CD Review: Jonas Kaufmann’s ‘Puccini: Love Affairs’
By Bob Dieschburg“Puccini: Love Affairs” is Sony Classical’s response to the marketing of the centenary of the Lucchese composer’s death. Sadly, instead of a complete opera recording, it is yet another compilation (in the fullest sense!) of familiar duets, and an aria from “Tosca” and “La Bohème” each.
Jonas Kaufmann – its titular singer – represents the main selling point. The German tenor is his usual self, both suave and nonchalant, albeit constrained vocally to some unusual huskiness, and a propensity to use the voix mixte instead of his signature muscular sound. Unfortunately, his prolonged efforts do not hold their own, as his multiple partners fail to raise the proverbial heat above lukewarm temperatures at the very best. His “Love Affairs,” if anything, are a tepid postlude, rather than an eruptive celebration of Puccini’s romantic genius.
An Affair à Six
The title alludes to Puccini’s many infidelities which have repeatedly put his marital relationship to the test: from the uncovered liaison with the mysterious Cori – nicknamed “La Torinese” – to his tragically, and unjustly presumed affair with the young housekeeper, Doria Manfredi. Each has, to some extent, reverberated in his operas, and the relationships between tenor and soprano in particular.

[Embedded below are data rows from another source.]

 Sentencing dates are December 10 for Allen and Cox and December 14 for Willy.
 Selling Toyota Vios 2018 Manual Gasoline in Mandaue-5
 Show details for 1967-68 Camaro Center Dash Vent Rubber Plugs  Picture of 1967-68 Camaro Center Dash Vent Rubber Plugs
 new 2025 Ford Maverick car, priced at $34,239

More prosaically, the album reprises the template of Roberto Alagna and Aleksandra Kurzak’s “Puccini in Love” (2018; also on Sony Classical). But Kaufmann, not content with just one duetting partner, took it upon himself to engage six of the world’s leading sopranos for a different role each. The results, far from being fortuitous, appear mixed: Netrebko is a very matronly Manon Lescaut whose frivolity barely translates to anything more than a pastosely layered emission, particularly in the lower register. Similarly, Sonya Yoncheva’s Tosca remains strangely nondescript, and Maria Agresta – as Butterfly – does not nearly display the urgency Angela Gheorghiu so eloquently conjured in EMI’s 2008 recording of the complete opera (opposite Kaufmann, as well). By far the most idiosyncratic are both excerpts from “La Fanciulla del West,” brought to life by Malin Byström’s intrinsic vulnerability, and endless compassion clad in a steely timbre (not unlike Mara Zampieri), and intelligent phrasing.

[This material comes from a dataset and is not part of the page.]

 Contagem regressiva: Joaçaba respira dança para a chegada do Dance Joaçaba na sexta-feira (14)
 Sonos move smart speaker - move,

“The Boy of the Golden West”
Johnson is also Kaufmann’s best role, as it significantly deviates from the Puccinian youthfulness ascribed to the composer’s earlier operas. He relies on a certain playfulness, liberties perhaps in phrasing the lines which one would not typically expect from an Italianate tenor. The distribution of accents, for instance, in the ariose “Quello che tacete”, or the performative and suave “Avrei voluto salire… nella vostra capanna” are discretionary concessions to a more logocentric, if not Wagnerian, approach.
For obvious reasons, this proves less effective in the triad of “La Bohème,” “Tosca,” and “Madama Butterfly,” where the vocal limits are less easily camouflaged. In “O soave fanciulla” (with the alluring Pretty Yende) Kaufmann resorts to a slightly odd voix mixte on the culminating “amore;” conversely, the high C in “Che gelida manina” rings freely, albeit with considerably less luminosity than in “Romantic arias” from 2008.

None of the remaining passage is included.